### Task details
When a line in the records contains the string "Stereo", copy that line.

* * * *

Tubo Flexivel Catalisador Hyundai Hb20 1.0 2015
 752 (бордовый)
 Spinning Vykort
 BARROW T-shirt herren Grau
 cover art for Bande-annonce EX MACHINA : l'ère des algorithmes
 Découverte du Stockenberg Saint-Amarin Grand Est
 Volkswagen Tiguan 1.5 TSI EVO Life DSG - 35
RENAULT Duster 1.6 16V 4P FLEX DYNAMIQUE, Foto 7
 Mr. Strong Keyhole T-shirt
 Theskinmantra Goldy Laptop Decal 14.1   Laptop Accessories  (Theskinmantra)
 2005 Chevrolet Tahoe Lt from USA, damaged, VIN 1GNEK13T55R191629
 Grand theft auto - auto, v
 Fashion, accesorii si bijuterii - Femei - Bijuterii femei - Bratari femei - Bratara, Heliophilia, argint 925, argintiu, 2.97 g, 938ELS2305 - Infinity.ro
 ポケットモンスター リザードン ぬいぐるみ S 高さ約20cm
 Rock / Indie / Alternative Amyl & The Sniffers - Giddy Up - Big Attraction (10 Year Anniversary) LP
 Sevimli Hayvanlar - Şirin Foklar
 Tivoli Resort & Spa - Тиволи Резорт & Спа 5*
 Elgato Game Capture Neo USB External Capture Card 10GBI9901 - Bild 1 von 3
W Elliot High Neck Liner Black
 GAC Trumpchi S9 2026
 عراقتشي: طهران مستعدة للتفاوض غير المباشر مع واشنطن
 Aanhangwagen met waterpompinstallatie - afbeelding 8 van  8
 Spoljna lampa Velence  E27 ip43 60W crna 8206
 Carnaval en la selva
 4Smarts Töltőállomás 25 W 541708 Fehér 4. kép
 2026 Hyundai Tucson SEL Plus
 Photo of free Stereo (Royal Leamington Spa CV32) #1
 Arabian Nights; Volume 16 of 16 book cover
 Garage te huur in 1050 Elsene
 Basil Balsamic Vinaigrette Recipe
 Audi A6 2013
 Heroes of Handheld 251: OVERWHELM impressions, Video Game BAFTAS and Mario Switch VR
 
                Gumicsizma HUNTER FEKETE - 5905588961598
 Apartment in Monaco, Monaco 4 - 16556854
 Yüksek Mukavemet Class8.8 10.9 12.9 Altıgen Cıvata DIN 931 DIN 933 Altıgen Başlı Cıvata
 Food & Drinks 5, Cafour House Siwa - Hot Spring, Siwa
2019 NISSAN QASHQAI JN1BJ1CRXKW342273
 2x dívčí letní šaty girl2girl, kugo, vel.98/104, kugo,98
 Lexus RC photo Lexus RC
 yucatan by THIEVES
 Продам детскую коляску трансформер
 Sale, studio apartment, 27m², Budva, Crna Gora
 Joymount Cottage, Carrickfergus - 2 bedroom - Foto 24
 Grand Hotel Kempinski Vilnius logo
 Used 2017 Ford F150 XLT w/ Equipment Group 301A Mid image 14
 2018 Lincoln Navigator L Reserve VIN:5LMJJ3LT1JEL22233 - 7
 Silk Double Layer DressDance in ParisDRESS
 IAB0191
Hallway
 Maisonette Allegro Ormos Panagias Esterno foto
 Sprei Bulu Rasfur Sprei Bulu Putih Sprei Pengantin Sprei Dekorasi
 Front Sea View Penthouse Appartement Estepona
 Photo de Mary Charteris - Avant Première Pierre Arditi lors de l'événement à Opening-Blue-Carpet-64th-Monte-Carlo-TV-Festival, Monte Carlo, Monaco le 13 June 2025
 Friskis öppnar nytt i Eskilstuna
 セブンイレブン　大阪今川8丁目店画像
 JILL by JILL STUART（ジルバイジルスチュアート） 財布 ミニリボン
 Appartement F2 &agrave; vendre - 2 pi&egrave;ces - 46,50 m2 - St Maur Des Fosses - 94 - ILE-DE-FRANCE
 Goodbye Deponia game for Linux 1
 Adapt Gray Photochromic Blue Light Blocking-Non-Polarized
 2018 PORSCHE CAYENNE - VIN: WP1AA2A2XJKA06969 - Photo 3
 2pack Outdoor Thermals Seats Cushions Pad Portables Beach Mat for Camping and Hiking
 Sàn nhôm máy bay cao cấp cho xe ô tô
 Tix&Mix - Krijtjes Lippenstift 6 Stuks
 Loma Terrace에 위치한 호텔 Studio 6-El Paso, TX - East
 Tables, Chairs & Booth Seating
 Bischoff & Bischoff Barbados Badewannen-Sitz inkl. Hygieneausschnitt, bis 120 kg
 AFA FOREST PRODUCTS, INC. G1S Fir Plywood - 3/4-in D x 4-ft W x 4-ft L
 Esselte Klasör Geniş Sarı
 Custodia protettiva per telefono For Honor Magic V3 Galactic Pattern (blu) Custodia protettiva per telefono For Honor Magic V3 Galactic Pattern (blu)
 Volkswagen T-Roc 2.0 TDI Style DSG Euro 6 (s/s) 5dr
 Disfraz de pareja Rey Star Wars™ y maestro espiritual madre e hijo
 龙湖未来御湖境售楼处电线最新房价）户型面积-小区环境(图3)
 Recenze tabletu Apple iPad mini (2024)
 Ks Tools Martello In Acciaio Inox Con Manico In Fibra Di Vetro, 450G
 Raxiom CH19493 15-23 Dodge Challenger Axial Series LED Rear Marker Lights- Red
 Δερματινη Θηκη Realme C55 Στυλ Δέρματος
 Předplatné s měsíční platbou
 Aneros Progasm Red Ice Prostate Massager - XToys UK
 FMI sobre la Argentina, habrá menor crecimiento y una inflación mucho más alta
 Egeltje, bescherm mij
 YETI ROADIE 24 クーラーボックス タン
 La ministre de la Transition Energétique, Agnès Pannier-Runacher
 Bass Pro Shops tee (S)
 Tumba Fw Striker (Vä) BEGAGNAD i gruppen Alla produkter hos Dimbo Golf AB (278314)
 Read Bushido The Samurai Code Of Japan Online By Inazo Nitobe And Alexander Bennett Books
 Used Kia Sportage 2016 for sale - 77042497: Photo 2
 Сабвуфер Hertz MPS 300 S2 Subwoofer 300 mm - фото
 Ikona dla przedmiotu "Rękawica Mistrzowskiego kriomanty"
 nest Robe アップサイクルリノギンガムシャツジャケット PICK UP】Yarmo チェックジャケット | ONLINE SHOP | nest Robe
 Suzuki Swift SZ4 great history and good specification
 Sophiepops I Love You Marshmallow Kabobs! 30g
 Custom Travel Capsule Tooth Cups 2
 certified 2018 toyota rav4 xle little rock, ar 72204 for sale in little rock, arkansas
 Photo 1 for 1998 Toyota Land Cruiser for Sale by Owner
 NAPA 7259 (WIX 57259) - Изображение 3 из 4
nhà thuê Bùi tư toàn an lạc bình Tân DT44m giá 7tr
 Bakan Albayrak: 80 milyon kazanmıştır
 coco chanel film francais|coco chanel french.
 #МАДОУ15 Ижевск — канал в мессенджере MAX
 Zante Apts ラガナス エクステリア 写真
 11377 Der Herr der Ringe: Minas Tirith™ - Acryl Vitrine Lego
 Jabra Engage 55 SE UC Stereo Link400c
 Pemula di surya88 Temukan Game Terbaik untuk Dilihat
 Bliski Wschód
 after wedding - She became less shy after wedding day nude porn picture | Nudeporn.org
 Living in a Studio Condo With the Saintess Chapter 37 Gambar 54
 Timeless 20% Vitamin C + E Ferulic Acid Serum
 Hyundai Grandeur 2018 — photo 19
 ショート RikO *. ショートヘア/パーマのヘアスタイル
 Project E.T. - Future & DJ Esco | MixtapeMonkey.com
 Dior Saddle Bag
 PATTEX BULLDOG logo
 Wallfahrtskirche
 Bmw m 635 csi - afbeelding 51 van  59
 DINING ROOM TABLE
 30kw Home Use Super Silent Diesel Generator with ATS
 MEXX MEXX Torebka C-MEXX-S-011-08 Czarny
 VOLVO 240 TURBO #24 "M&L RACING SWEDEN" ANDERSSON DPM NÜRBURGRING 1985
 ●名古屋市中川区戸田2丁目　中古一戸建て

* * * *

### Answer below
 Photo of free Stereo (Royal Leamington Spa CV32) #1
 Jabra Engage 55 SE UC Stereo Link400c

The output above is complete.